— What the task asks —
As an exercise in exact copying, transcribe the lines below from the one holding "Foto di nudo" through the last, with both ends included and pictures left out.

— Dataset excerpt —
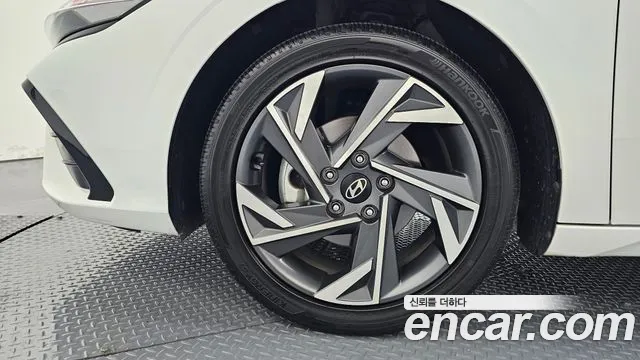 Hyundai AVANTE Новый Avante (CN7) — Фото автомобиля 3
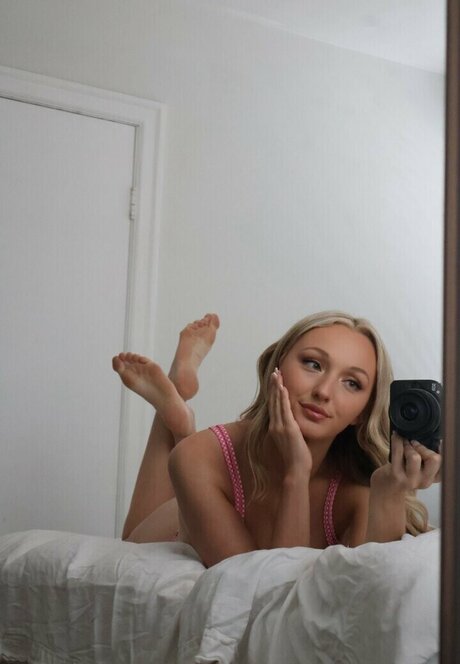 Foto di nudo di fuga di OnlyFans di Goddess Jordan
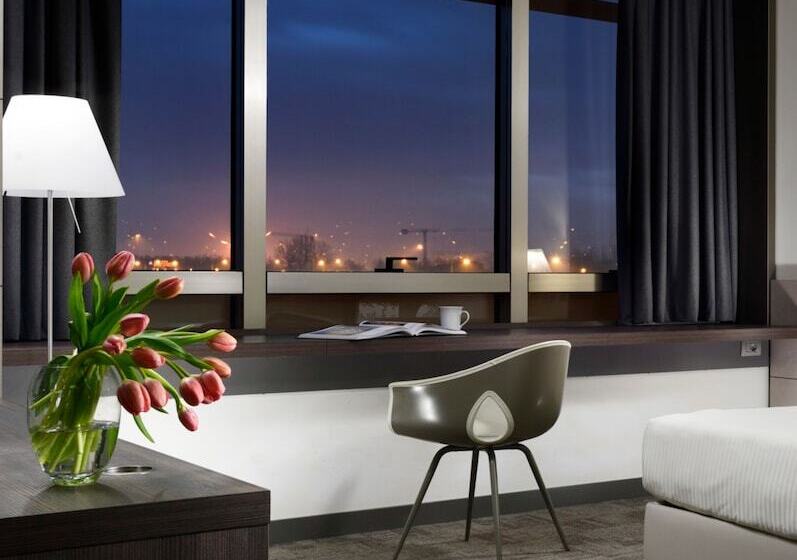 جناح جونيور, Unahotels San Vitale Bologna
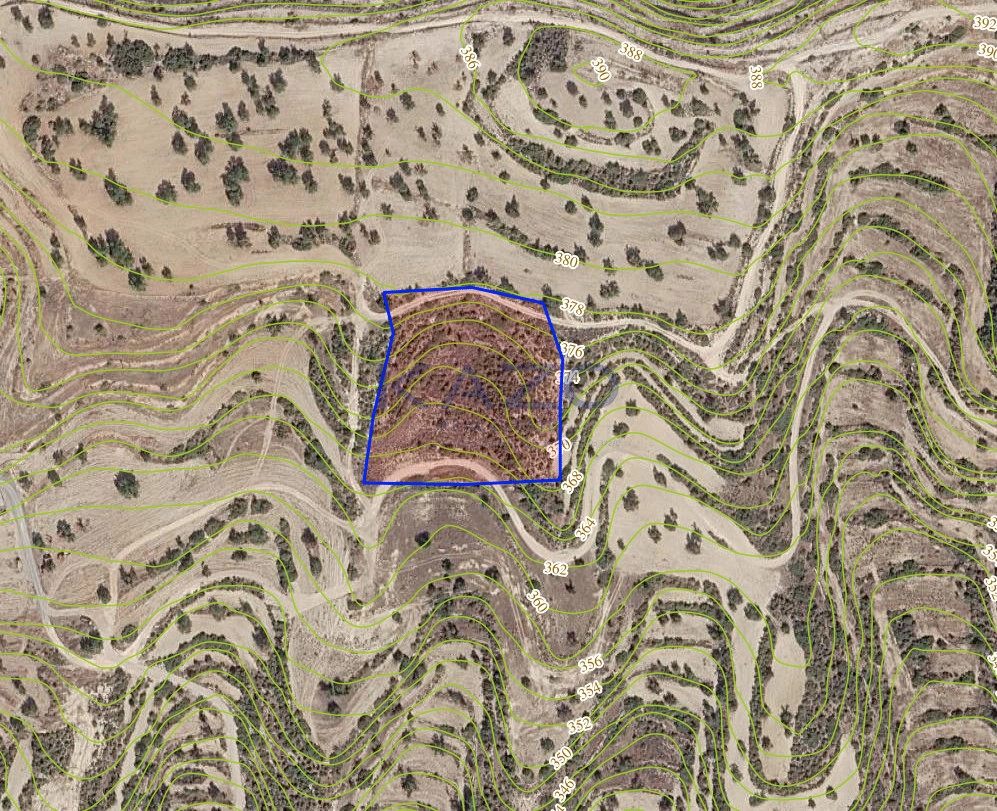 8,362m² Plot for Sale in Paramytha, Limassol District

— Solution to the exercise —
 Foto di nudo di fuga di OnlyFans di Goddess Jordan
 جناح جونيور, Unahotels San Vitale Bologna
 8,362m² Plot for Sale in Paramytha, Limassol District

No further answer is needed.